2. Nancy

Spring 1978

Sanborn Regional High School — Kingston, New Hampshire

She stood outside, looking up into the bright New Hampshire sky, and she smiled.

The whole graduating class was out there with her in the parking lot that afternoon: several dozen teenagers, dressed in their bell bottoms and denim jackets, on a patch of asphalt boxed in by rows of parked Volkswagen beetles. They were all trying to stand perfectly still, in their places. High up on the roof of the school, there was a man with a camera, capturing a bird’s-eye-view for their yearbook: the graduates, pausing just as they crossed their last milestone before official adulthood, all carefully arranged in the shape of a giant “78.”

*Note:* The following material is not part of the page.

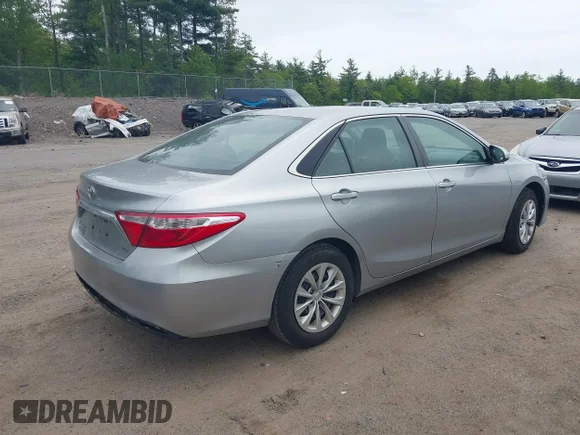 ✅ 2015 Toyota Camry XLE • VIN: 4T4BF1FK1FR468831 • Lot: 45137077. Wystawiony na IAAI z przebiegiem 164 717 mil. Bezpłatny archiwum sprzedaży aukcyjnych z USA i szczegółowy raport historii pojazdu na DreamBid. Zdjęcie 4.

When the yearbooks came out, Nancy found she also appeared in a few close-ups, printed in the “Class Favorites” section: a snapshot of her taking a big bite from a slice of cheese pizza, and another where she’s flipping through an old paperback. In her senior portrait, she grins warmly, her face distinguished by high smile lines, and dark-brown eyes, her hair parted in the middle and coming down in long, honey-blonde waves. She carries an aura of serenity, and confidence.

Nancy’s classmates knew her as “Beanie,” and when each student was asked for a quote for the yearbook — in the form of a tongue-in-cheek prediction of what they were “leaving” Sanborn High for — Beanie’s entry read: “Nancy Champion leaves to join the Hobbits in Rivendell.”

She liked fantasy, but her real plans were practical, and they wouldn’t take her far from home; she had already met the man she was going to marry, and one day, they were going to start a family, right there in Kingston.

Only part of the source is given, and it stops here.